Citations can anchor a concept to the world outside the network-of-concepts, which is an amazingly powerful technique. The world is incredibly rich and it's also what we are usually interested in, which means pointing to a thing is a form of communication that is dense with relevant information.

A hyperlink to a different site can be a citation in some circumstances. A few keywords suggested to put into a search engine can be a citation. Academic citations might be to a particular article (keyed by title and page number) of a particular issue (keyed by date and/or number) of a particular journal (by name and publisher). One criterion to tell whether a span of text is a citation, is to ask whether it provides an intrinsically-meaningless dense route (or procedure) for the reader to follow (or execute), in the real world, to get to more matterial. The url in a link directs someone who has access to a browser and the internet to type the url into the address bar. Using keywords directs someone who has access to a search engine to search for those keywords. Academic citations are like directions for walking down aisles in a library.

However, citations are problematic. One of the ways that citations are problematic is the false impressions that citations are necessary or sufficient.

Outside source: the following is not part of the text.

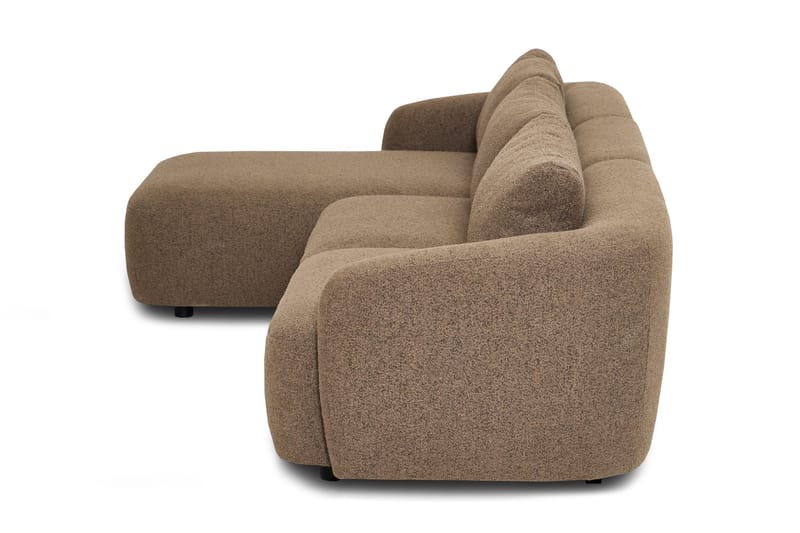Milano 5-sits Rundad Vänstervänd L-soffa med Låg Rygg i Brun Boucle - Möbler - Vardagsrum - Soffor - Divansoffa & schäslong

I hope I have already convincingly demonstrated that networks-of-concepts can get along without citations. Even without citations, a moderately rich network-of-concepts like Protocol Buffers syntax can still be itself. Adding a citation to, for example RFC 5234, the RFC that defines ABNF, can be beneficial, in precisely the same way that an additional definition, description, or example can be beneficial. Someone who is confused about some question may be able to obtain the referent of the citation, and then use it to answer their question. However, it can also be harmful, in exactly the same way that adding an additional definition, description, or example can be harmful - you can introduce confusion to something that was clear, or you can overwhelm with volume.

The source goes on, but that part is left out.